Neues Asyl-Aufnahmegesetz
Der Landtag hat eine Änderung des Asyl-Aufnahmegesetz beschlossen: Asylbewerber sollen künftig schneller aus den Gemeinschaftsunterkünften ausziehen können. Der Flüchtlingsrat und die Opposition bezweifeln die Wirksamkeit des Gesetzes.
Das Gesetz sieht unter anderem vor, dass Familien und alleinerziehende Eltern, die nicht abgeschoben werden dürfen, sofort nach Abschluss ihres Erstverfahrens aus den Gemeinschaftsunterkünften ausziehen können.

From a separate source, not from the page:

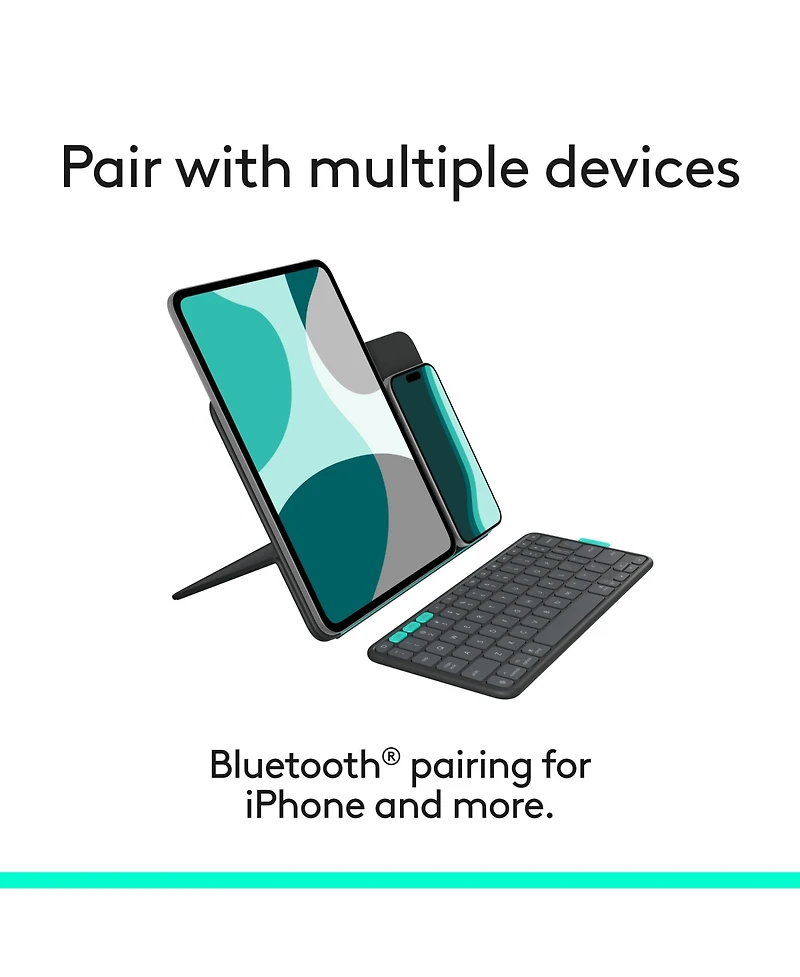 Logitech Folio Touch iPad Keyboard Case with Trackpad and Smart Connector for iPad Air 11-inch (M2 & M3), iPad Air (4th & 5th gen), Graphite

Alle übrigen Personen dürfen vier Jahre nach Abschluss ihres behördlichen Erstverfahrens ausziehen.
CSU jubelt, Freie Wähler kriteln
CSU-Sozialexperte Bernhard Seidenath sprach von einem Quantensprung. Damit würden Fälle, in denen Asylbewerber fast 20 Jahre lang in einer Gemeinschaftsunterkunft verbringen müssten, künftig vermieden. Als "Schneckensprung" bezeichnete Hans Jürgen Fahn (Freie Wähler) das Gesetz. Er erläuterte, dass beispielsweise Kirchenvertreter die Lebenssituation der Asylbewerber als deprimierend bezeichneten. Das bayerische System sei menschenverachtend, die medizinische Versorgung unzureichend. Bayerns Asylpolitik wolle nach wie vor die Ausreisebereitschaft fördern. 1.500 Asylbewerber lebten bereits länger als fünf Jahre hier, 400 davon länger als zehn Jahre. Für ihn sei die bayerische Asylpolitik gescheitert, so Fahn.
SPD: Zu viel bürokratische Hürden
Die SPD-Sozialexpertin Angelika Weikert argumentierte, dass bürokratische Hürden das Gesetz zu sehr einschränkten. So müsse eine Familie erst eine konkrete Wohnung vorweisen, bevor sie aus der Unterkunft ausziehen könne. Es sei unrealistisch, dass dies einer mehrköpfigen Familie selbst gelingen könne. Weikert appellierte an die Staatsregierung, die Menschen offen aufzunehmen und sie mit Sprachkursen ein Stück zu integrieren. SPD, Grüne und Freie Wähler lehnten das Gesetz ab.
Flüchtlingsrat: Zu wenig Vereinfachung
Alexander Thal, Sprecher des bayerischen Flüchtlingsrats, sagte, dass die Änderung des Aufnahmegesetzes nur wenig Vereinfachung, aber viel Bürokratie bringe. Die Gesetzesänderung bringe zwar einen strukturellen Wandel, der Aufenthalt in Gemeinschaftsunterbringungen müsse – so die Forderung des Flüchtlingsrats – aber weiter zeitlich begrenzt werden.